Pointer addition is just integer addition under the hood, and addition is commutative:
(a + b) == (b + a)

Because of this, both of the following expressions compute the same address

*(a + b)
*(b + a)

Which means:
a[b] == b[a]

This is not a trick, a compiler hack, or undefined behavior.
It is a direct and intentional consequence of how the C language defines array subscripting.

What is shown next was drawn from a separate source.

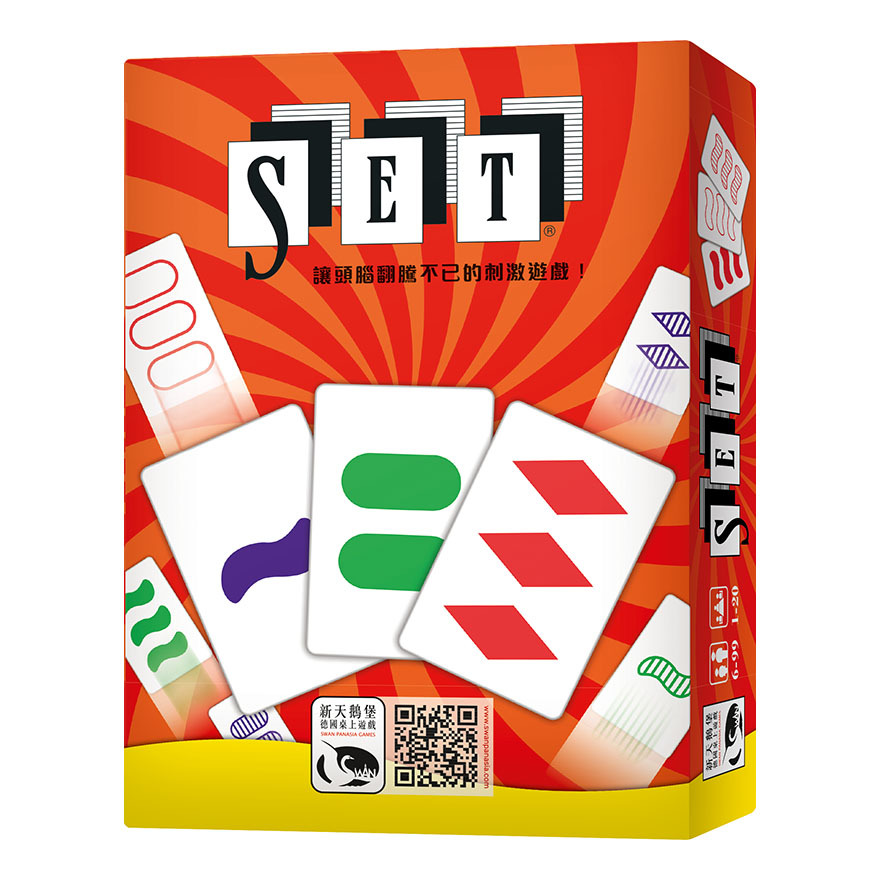 Buy Merax Round Dining Table Set with 4 Chairs for 4-6 Persons ... Buy Merax Round Dining Table Set with 4 Chairs for 4-6 Persons ...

The example below demonstrates this equivalence in practice.

#include <stdio.h>

int main(void) {
    // Declare an array with 5 elements
    int arr[5] = {1, 2, 3, 4, 5};

    /*
     * In C, array access is defined as:
     *   a[b] == *(a + b)
     *
     * Because addition is commutative:
     *   a + b == b + a
     *
     * This means:
     *   arr[3] == 3[arr]
     */

    // Normal array indexing
    printf("arr[3]  = %d\n", arr[3]);   // Output: 4

    // Equivalent but unusual indexing
    printf("3[arr]  = %d\n", 3[arr]);   // Output: 4

    return 0;
}

NOTE: While i[arr] is valid C, it is rarely used in real code because it hurts readability. It exists only because array indexing is defined in terms of pointer arithmetic.